In the listing below, how many lines contain the string "high"? Answer with the number only.
━━ DATA FOR ANALYSIS
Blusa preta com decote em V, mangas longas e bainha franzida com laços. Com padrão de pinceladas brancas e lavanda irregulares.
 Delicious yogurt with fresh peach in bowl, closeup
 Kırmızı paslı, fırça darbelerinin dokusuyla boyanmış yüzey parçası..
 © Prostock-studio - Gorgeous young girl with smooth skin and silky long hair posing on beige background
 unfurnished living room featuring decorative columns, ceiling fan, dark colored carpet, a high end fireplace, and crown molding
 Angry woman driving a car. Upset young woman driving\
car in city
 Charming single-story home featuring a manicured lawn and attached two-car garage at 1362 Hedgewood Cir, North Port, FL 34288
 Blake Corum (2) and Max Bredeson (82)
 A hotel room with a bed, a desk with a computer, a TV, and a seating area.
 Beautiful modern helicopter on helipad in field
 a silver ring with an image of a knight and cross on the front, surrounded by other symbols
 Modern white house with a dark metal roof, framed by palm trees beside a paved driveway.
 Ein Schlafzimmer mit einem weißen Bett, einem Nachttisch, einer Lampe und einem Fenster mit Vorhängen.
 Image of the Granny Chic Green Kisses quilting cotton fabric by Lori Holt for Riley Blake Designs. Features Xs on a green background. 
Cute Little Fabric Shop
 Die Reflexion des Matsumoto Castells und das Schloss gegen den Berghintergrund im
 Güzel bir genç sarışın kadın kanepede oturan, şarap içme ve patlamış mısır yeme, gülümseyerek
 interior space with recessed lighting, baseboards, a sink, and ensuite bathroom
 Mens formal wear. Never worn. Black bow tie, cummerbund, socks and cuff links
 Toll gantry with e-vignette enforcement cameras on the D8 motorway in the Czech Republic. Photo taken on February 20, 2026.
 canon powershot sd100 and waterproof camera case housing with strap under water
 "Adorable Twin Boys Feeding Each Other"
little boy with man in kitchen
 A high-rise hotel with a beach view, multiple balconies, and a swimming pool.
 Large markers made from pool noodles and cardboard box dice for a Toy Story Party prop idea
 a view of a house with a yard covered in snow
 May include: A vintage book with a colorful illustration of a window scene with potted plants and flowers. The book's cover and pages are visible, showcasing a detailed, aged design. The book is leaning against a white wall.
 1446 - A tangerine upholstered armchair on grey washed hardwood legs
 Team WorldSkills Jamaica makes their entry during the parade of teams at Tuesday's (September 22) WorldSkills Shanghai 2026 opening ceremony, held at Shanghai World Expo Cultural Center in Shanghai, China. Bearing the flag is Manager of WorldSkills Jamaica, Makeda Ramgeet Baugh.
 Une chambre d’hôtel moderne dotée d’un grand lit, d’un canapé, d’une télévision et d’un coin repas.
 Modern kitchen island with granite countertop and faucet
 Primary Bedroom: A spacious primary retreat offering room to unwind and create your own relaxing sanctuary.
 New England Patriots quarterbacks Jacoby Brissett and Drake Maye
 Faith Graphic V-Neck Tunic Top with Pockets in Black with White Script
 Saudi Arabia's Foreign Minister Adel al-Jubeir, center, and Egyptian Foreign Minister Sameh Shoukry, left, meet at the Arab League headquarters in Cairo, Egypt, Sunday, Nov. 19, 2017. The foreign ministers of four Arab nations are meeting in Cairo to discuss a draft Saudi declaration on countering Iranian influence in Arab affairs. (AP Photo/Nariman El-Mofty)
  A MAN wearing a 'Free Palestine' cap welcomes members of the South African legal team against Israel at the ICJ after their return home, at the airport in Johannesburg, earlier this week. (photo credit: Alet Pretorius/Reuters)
━━━━
▶ **ANSWER TO THIS EXERCISE**:
2